What you should do
The listing below should be printed again word for word, without any images.

Record set
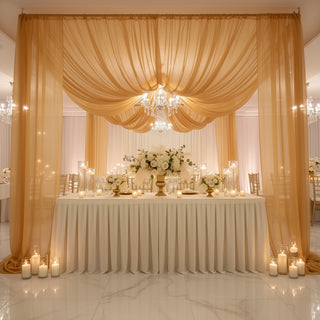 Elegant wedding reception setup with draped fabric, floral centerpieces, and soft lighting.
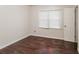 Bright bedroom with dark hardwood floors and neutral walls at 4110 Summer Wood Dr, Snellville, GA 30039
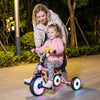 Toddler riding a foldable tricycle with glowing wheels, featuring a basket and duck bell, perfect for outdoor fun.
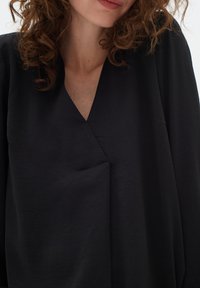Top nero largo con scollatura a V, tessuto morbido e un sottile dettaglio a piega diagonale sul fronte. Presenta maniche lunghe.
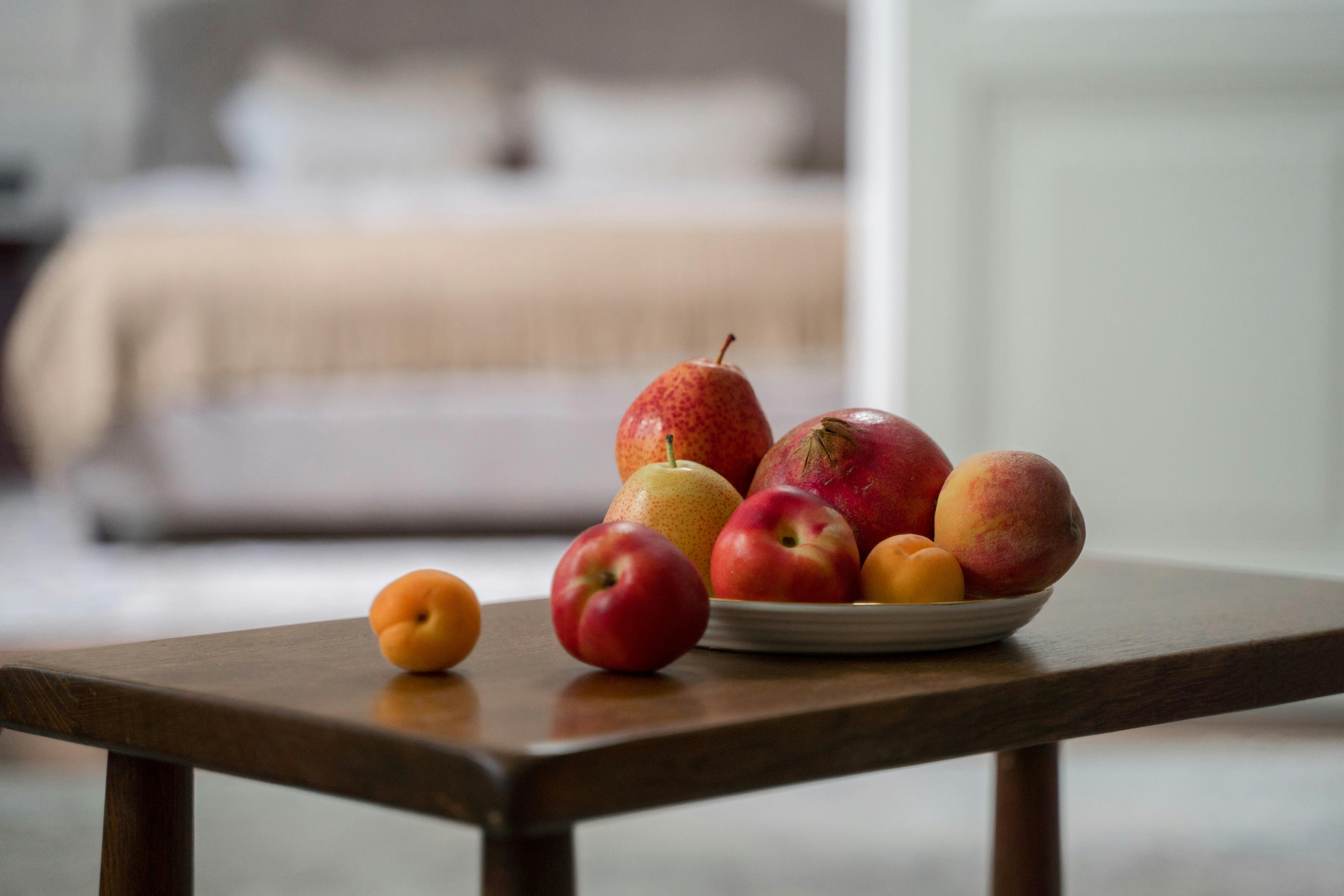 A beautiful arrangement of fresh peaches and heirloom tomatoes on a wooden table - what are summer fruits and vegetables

Exercise response
 Elegant wedding reception setup with draped fabric, floral centerpieces, and soft lighting.
 Bright bedroom with dark hardwood floors and neutral walls at 4110 Summer Wood Dr, Snellville, GA 30039
 Toddler riding a foldable tricycle with glowing wheels, featuring a basket and duck bell, perfect for outdoor fun.
Top nero largo con scollatura a V, tessuto morbido e un sottile dettaglio a piega diagonale sul fronte. Presenta maniche lunghe.
 A beautiful arrangement of fresh peaches and heirloom tomatoes on a wooden table - what are summer fruits and vegetables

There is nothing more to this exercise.